Caladrius Biosciences, Inc. (Nasdaq: CLBS) (“Caladrius” or the
“Company”), a clinical-stage biopharmaceutical company developing
innovative therapies designed to treat or reverse disease, today
reported financial results for the three and six months ended June
30, 2022 and provided a business update.
“The second quarter of 2022 was a transformative and energizing
quarter for Caladrius with the announcement of our proposed merger
with Cend Therapeutics (“Cend”). The merger process, which, when
completed, will result in the change of our name to Lisata
Therapeutics (“Lisata”), is progressing well and, subject to the
approval by our stockholders, remains on track to close in the
third quarter of 2022,” stated David J. Mazzo, Ph.D., President and
Chief Executive Officer of Caladrius. “Following the closing of the
proposed merger, Lisata will focus on maximally exploiting the full
potential of Cend’s CendR Platform™ technology in a range of solid
tumor cancer settings while progressing Caladrius’ current product
candidate development programs to their next development milestone.
CEND-1, the lead product candidate from the CendR Platform™, has
the potential to be combined with a myriad of chemo and
immunotherapeutic agents that could become an integral part of a
revised standard-of-care therapy for many difficult to treat
cancers.”
“In June, Cend announced the first patient had been treated in
the Phase 2b ASCEND study of CEND-1 in combination with gemcitabine
and nab-paclitaxel for the treatment of first-line, metastatic
pancreatic ductal adenocarcinoma (“mPDAC”). This 125-patient study
is a double-blind, randomized, placebo-controlled clinical trial
being conducted at up to 40 sites in Australia and New Zealand led
by the Australasian Gastro-Intestinal Cancer Trials Group in
collaboration with the NHMRC Clinical Trial Centre at the
University of Sydney. In addition, The Lancet Gastroenterology and
Hepatology recently published groundbreaking data from the Phase 1b
study of CEND-1 in combination with gemcitabine and nab-paclitaxel
for the treatment of first-line mPDAC.”
Dr. Mazzo continued, “While we continue to make progress on our
current Caladrius programs, a tremendous amount of work already has
been conducted under our collaboration agreement with Cend. This is
an exciting time for the Company and the future Lisata. We look
forward to providing additional updates in the coming weeks and
months.”
Proposed Merger with Cend Therapeutics
As previously disclosed, the Company entered into a definitive
merger agreement with Cend Therapeutics, Inc., a privately held,
clinical-stage biotechnology company focused on a novel approach to
enable more effective treatments for solid tumor cancers, under
which Cend will merge with a wholly owned subsidiary of Caladrius
in an all-stock approximate “merger of equals” transaction
unanimously approved by the Boards of Directors of each company.

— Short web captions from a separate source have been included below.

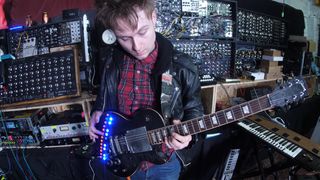 Look Mum No Computer Les Paul with MIDI Keyboard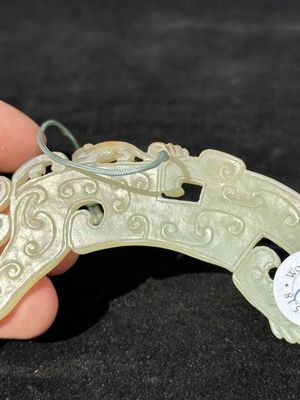 A Chinese white jade 'chilong' amulet, 17/18th C. — photo 3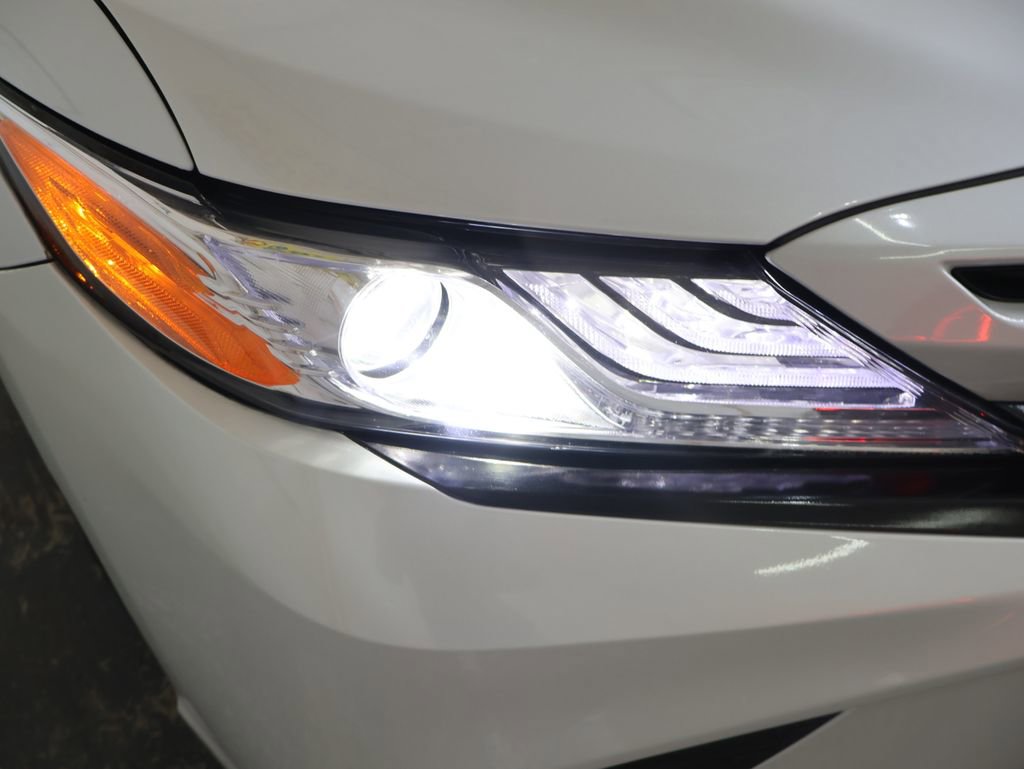 Used 2020 Toyota Camry XSE w/ Carpet Mat Package FWD image 25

Following closing, the combined company is expected to be renamed
Lisata Therapeutics, Inc. and is expected to trade on the Nasdaq
Capital Market under the ticker symbol “LSTA”. The merger is
currently expected to close in the third quarter of 2022 subject to
the approval of Caladrius and Cend stockholders as well as the
satisfaction of certain other customary closing conditions and
applicable approvals. In the interim, Caladrius has made an
investment of $10 million in Cend in connection with a
collaboration agreement to maintain development momentum of the
Cend pipeline.
Ongoing Development Portfolio Update
HONEDRA® (CLBS12) for the treatment of critical limb
ischemia (“CLI”)
HONEDRA® is the Company’s SAKIGAKE-designated product candidate
for the treatment of CLI and Buerger’s disease in Japan which is
now in the pre-consultation phase of the registration process with
the Pharmaceuticals and Medical Devices Agency (“PMDA”) in Japan.
Data from the follow-up of all patients completed in the
registration-eligible clinical trial in Japan has been compiled and
will be reviewed by PMDA during the third quarter of 2022, after
which the PMDA will provide important perspective to be considered
in preparation for the formal consultation meetings which precede
the Japanese new drug application. Concomitantly, the Company will
focus its efforts to secure a Japanese partner to complete the
remaining steps to produce registration in Japan.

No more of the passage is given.